The decision was challenged in a U.S. court and, after a grueling and expensive court case, NIPRD won the court case and withdrew the license from Xechem. Efforts to license the commercialisation to another firm has not been successful as all previous attempts have been hindered by court cases initiated by Xechem creditors and shareholders.

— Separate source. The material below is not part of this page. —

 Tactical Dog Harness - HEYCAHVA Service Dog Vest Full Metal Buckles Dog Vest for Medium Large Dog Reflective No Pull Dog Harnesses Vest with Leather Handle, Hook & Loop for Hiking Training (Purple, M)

Efforts are underway by some actors to launch a generic brand once the patent expires as the tradename – Nicosan™ is held by Dr. Ramesh Pandey and not Xechem Plc. There are multiple opinions on the expiry date of the Niprisan patent ranging from:

  • 1st September, 2015 (17 years from approval)
  • 25th January, 2016 (20 years from first filing in Nigeria)
  • 21st January 2017 (20 years from USA first filing)

The rule is that patent expiry date is the latter of 17 years from USA approval date or 20 years from the date of filing in USA or Internationally provided it qualifies under the 35 U.S.C 120, 121 or 365 conditions. In the event of patent expiry, the court cases would lose their potency and any player with sufficient technical and marketing capacity can produce and market the product under a new or existing brand.